Its strange that for a couple of months I have been cooking food, especially sweets that I am very intimidated in preparing. After some time I had stopped thinking about the out come and just did it. To my surprise some turn out so perfect the first attempt, while some I had to work at it. One such experience is godhumai halwa. I am no pro in these traditional sweets like my aunt, but I was ready to learn some important techniques that go unnoticed in many recipes. South Indian sweets are challenging for me. I am so happy that I am getting over the challenges of making ladoo, jangri or halwa. Here is what I was able to come up with.
Measuring cups and spoons
Heavy Bottom Vessel
Colander ( with the fine mesh)
Chamba Wheat - 2 cups ( made 2 cups of the wheat milk)
Sugar - 2 cups ( I would have liked 1 1/2 cups it was too sweet for me)
Ghee - 4 tbsp
Cashew Nuts / Almonds - 1/4 cup
Kesari Powder - 1/8th tsp
Cardamon - 6 pods
Saffron - a pinch
1. Soak the whole wheat in water over 24 hrs. Helps grind easily. Add it into a blender and grind it into a smooth paste. Do not add too much water so the you can get thicker extracts.
2, Filter the mixture and put the remaining residue back into the blender and try to get more liquid out of it by adding some more water. Blend and pass it through the filter. You will see the remaining gluten in the residue.
3. Set the wheat milk aside and allow the water to separate from the wheat milk. Filter that water out and use the remaining wheat milk for making the sweet.
4. In a heavy bottom pan add the sugar and water just enough to cover the sugar. Allow it to melt and drop the candy thermometer inside. Cook the sugar until the temperature reached a soft ball consistency.

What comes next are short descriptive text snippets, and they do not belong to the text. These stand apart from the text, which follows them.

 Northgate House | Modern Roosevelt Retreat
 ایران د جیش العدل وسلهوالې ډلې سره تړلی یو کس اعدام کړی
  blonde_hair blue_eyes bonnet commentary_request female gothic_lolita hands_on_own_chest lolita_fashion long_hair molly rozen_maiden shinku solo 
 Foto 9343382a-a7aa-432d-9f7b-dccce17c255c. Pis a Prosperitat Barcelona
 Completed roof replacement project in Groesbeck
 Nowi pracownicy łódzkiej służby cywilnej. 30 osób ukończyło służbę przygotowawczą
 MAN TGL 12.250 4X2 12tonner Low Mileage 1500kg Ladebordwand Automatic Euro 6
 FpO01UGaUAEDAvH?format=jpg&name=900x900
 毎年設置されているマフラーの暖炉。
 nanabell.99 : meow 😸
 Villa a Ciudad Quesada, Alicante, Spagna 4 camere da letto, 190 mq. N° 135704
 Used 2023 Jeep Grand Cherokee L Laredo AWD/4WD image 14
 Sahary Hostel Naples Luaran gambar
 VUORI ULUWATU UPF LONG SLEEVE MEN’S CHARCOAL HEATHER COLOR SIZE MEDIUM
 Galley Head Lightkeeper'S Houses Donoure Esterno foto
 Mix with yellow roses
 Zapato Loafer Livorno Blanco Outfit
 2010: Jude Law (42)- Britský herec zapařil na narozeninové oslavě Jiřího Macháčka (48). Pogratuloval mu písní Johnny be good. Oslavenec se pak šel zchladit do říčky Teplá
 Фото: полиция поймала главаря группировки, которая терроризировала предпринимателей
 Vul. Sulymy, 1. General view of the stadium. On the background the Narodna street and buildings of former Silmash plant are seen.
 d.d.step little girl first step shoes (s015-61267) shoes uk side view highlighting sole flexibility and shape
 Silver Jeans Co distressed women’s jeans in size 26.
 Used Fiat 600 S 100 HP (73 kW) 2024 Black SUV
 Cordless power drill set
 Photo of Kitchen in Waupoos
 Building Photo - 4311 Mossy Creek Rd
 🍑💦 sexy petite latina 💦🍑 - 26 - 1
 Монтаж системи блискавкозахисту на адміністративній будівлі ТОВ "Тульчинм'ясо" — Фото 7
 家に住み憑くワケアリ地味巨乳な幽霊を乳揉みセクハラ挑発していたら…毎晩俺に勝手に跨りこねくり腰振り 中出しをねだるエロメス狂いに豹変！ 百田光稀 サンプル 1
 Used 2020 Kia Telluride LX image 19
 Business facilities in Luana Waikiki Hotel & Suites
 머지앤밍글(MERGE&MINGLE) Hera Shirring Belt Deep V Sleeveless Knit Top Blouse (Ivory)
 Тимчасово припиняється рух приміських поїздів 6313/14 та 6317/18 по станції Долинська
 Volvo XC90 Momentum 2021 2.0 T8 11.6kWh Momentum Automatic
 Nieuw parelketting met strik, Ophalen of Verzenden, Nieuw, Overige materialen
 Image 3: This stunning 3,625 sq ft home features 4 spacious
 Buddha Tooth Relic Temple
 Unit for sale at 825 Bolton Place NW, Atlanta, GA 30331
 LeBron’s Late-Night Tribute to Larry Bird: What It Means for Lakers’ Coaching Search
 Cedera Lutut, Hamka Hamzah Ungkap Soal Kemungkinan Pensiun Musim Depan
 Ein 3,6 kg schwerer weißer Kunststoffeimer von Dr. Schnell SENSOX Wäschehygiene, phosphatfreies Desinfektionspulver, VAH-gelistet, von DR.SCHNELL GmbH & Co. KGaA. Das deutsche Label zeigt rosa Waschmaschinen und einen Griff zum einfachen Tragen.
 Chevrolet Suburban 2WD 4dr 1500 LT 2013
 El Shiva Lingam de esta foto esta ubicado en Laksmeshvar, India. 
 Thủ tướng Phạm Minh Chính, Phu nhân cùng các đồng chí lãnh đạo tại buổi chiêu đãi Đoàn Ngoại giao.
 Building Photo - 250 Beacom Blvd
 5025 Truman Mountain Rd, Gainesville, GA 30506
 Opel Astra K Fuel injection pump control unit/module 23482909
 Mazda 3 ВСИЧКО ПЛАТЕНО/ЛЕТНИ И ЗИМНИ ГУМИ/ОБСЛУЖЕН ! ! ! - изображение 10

5. Turn the heat on medium. Add the wheat milk to it and keep mixing to avoid lumps from forming. As soon as the mixture comes together add some ghee and keep mixing. Add kesari powder, cardamon powder and saffron. Keep adding ghee when the halwa starts to stick to the sides. Keep adding ghee in tsps. It will absorb a lot more.
5. Heat a 1 tbsp of ghee in a small kadai and add the nuts. Toast them and add to the halwa.
6. When the halwa leaves the sides remove and serve it hot.
Note: A good way to serve this is in a bowl add a tiny bit of ghee and then add the hot halwa and top it with another drop of ghee. It appears that you are serving with a lot of ghee but its just a few drops.